I want to thank everyone who responded. No, he's not clicker trained, but he is neutered. Zyrcona, he has broken out of two crates and his outdoor kennel so we're a little soft on confinement.

He is very, very high energy. I'm off in the summer, so he has a 20 - 30 min walk in the morning, plays in the yard all day with my 3 kids and their friends (the stay-at-home mommy gets the friends) which includes swimming in our ig pool, then 40 - 50 mins after dinner to the park where he is off leash playing hide-and-seek or baseball with the kids. Occasionally we'll hike, but he's always ready for more (He sleeps like a rock at night).

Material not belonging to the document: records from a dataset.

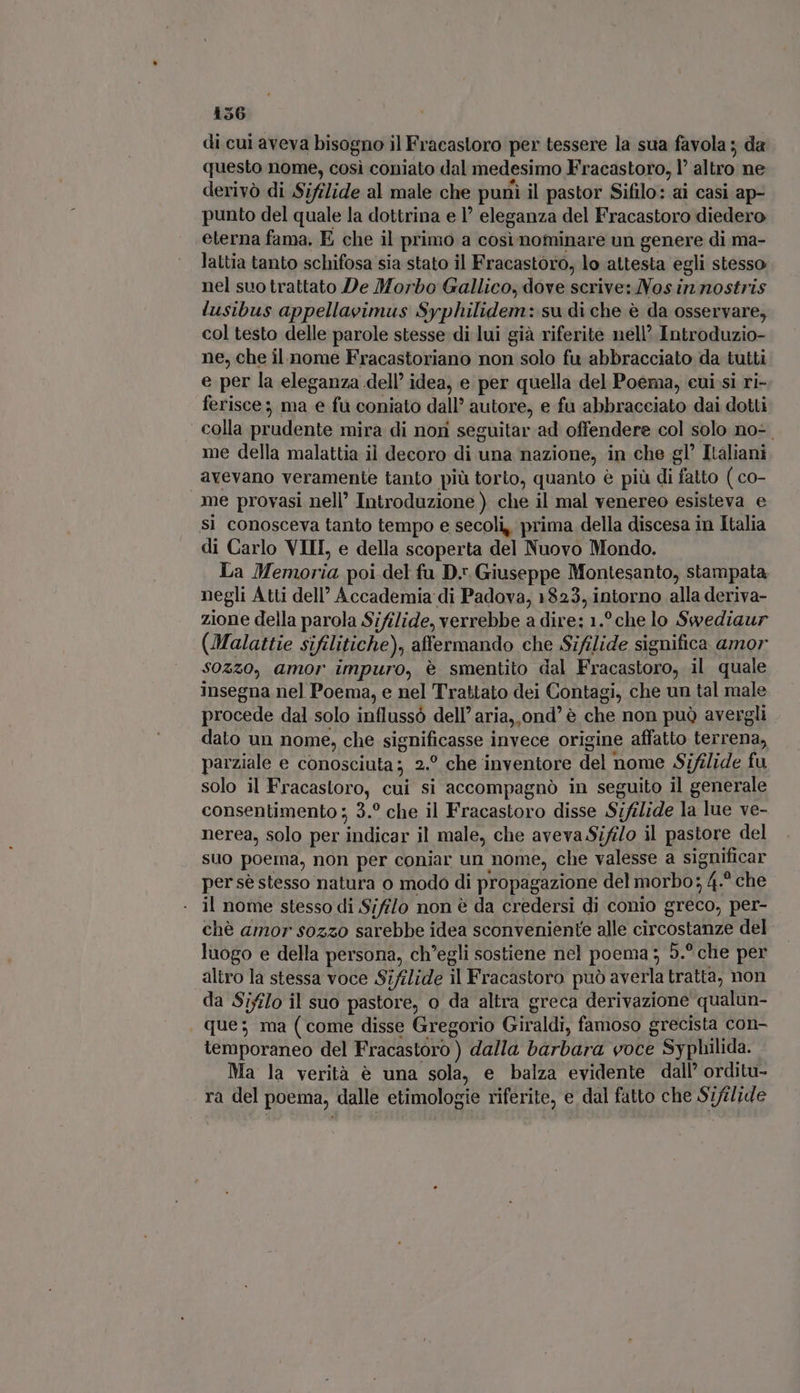di cui aveva bisogno il Fracastoro per tessere la sua favola ; da questo nome, cosi coniato dal medesimo Fracastoro, l’ altro ne derivò di Sifilide al male che puni il pastor Sifilo: ai casi ap- punto del quale la dottrina e 1’ eleganza del Fracastoro diedero eterna fama. E che il primo a cosi nominare un genere di ma- lattia tanto schifosa sia stato il Fracastoro, lo attesta egli stesso nel suo trattato De Morbo Gallico, dove scrive: Nos in nostris lusibus appellavimus Syphilidem: su di che è da osservare, col testo delle parole stesse di lui già riferite nell’ Introduzio- ne, che il nome Fracastoriano non solo fu abbracciato da tutti e per la eleganza dell’ idea, e per quella del Poema, cui si ri- ferisce; ma e fu coniato dall’ autore, e fu abbracciato dai dotti colla prudente mira di nori seguitar ad offendere col solo no- me della malattia il decoro di una nazione, in che gl’ Italiani avevano veramente tanto più torto, quanto è più di fatto ( co- me provasi nell’ Introduzione ) che il mal venereo esisteva e sì conosceva tanto tempo e secoli, prima della discesa in Italia di Carlo VIII, e della scoperta del Nuovo Mondo. La Memoria poi del fu D. Giuseppe Montesanto, stampata negli Atti dell Accademia di Padova, 1823, intorno alla deriva- zione della parola Sifilide, verrebbe a dire: 1.? che lo Swediaur (Malattie sifilitiche), affermando che Sifilide significa amor $0220, amor impuro, è smentito dal Fracastoro, il quale insegna nel Poema, e nel Trattato dei Contagi, che un tal male procede dal solo influssò dell’ aria, ond' è che non può avergli dato un nome, che significasse invece origine affatto terrena, parziale e conosciuta; 2.° che inventore del nome Sifilide fu solo il Fracastoro, cui si accompagnò in seguito il generale consentimento ; 3.° che il Fracastoro disse Sifilide la lue ve- nerea, solo per indicar il male, che aveva Sifilo il pastore del suo poema, non per coniar un nome, che valesse a significar per sè stesso natura o modo di propagazione del morbo; 4.^ che - il nome stesso di Sififo non è da credersi di conio greco, per- chè amor s0zzo sarebbe idea sconveniente alle circostanze del luogo e della persona, ch'egli sostiene nel poema ; 5.° che per altro la stessa voce Sifilide il Fracastoro può averla tratta, non da Sifilo il suo pastore, o da altra greca derivazione qualun- que; ma (come disse Gregorio Giraldi, famoso grecista con- temporaneo del Fracastoro ) dalla barbara voce Syphilida. Ma la verità é una sola, e balza evidente dall' orditu- ra del poema, dalle etimologie riferite, e dal fatto che Szftlide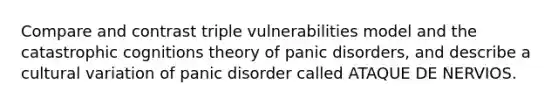 Compare and contrast triple vulnerabilities model and the catastrophic cognitions theory of panic disorders, and describe a cultural variation of panic disorder called ATAQUE DE NERVIOS.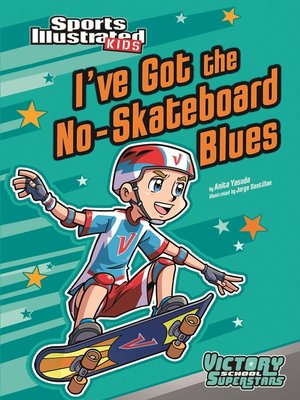 cover image of I've Got the No-Skateboard Blues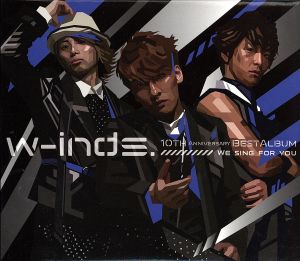 w-inds.10th Anniversary Best Album-We sing for you-(初回限定盤)(DVD付)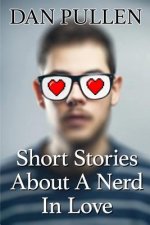 Short Stories About A Nerd In Love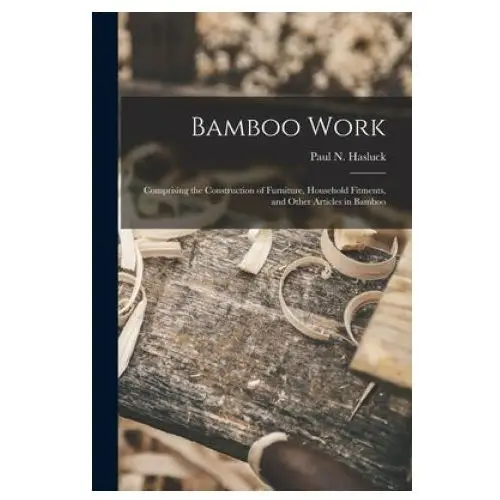 Legare street press Bamboo work; comprising the construction of furniture, household fitments, and other articles in bamboo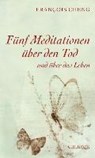 Fünf Meditationen über den Tod - CHENG,  Francois - 9783406683190
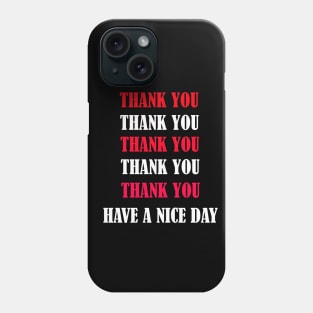 Thank You Thank You Have A Nice Day Phone Case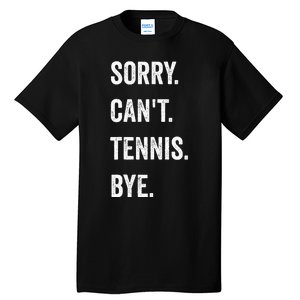 Tennis Player Racket Sport Sorry CanT Tennis Bye Tall T-Shirt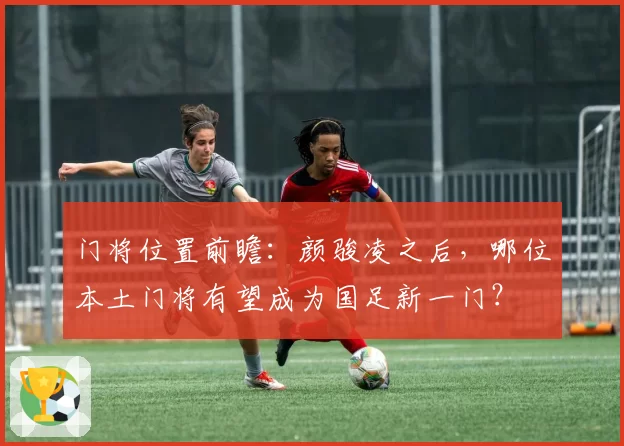 门将位置前瞻：颜骏凌之后，哪位本土门将有望成为国足新一门？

We've decided the On The Leash Route with a "QUIET!", treat and removal for a second offense. You'll laugh - when we first started (a month ago) we just used "quiet" and treated. He _learned_ to bark at us and then sit pretty for a treat! We had accidently taught him to bark for treats! Removal is the key. He HATES not being with his people and seems to get the point. Now, just putting a leash on him stops him from barking in the first place (he just drags it around, it's not tethered to anything or anyone). But he is smart - he's back to barking the minute the leash is off. We're working on it. Thank you very much to all for the helpful advice.


----------



## Purley (May 21, 2010)

This morning I was in the bath - Lucy yapped almost the whole time. I didn't feel like getting out of the bath to stop her. My husband obviously didn't feel like getting out of bed to stop her. When he did finally get up, he said she was yapping at a wooden bird we have hanging over the stairs. Its on strings so you can pull the cord and the bird "flies" - i.e. the wings go up and down. 

Its been there for a good 20 years - my kids bought it for me when they were teenagers - but apparently Lucy just noticed it moving. I'll try to remember the name of this thread because all the tips are useful. Lucy has had clicker training. Mainly the problem is things like this morning when I am in the bath tub and don't want to get out to stop her barking. I could put her in the crate again when I am busy, but she has been out of her crate now for so long that I don't think she really needs the crate any more and the yapping only happens very infrequently in this situation.

I would like to stop her yapping outside though because when she yaps, she gets shut in the house.


----------



## norahl (Jul 27, 2011)

Seems like you are making some progress? It feels good to have someone in the same situation. Strange, Russell only barks inside not out. Hang in there.


----------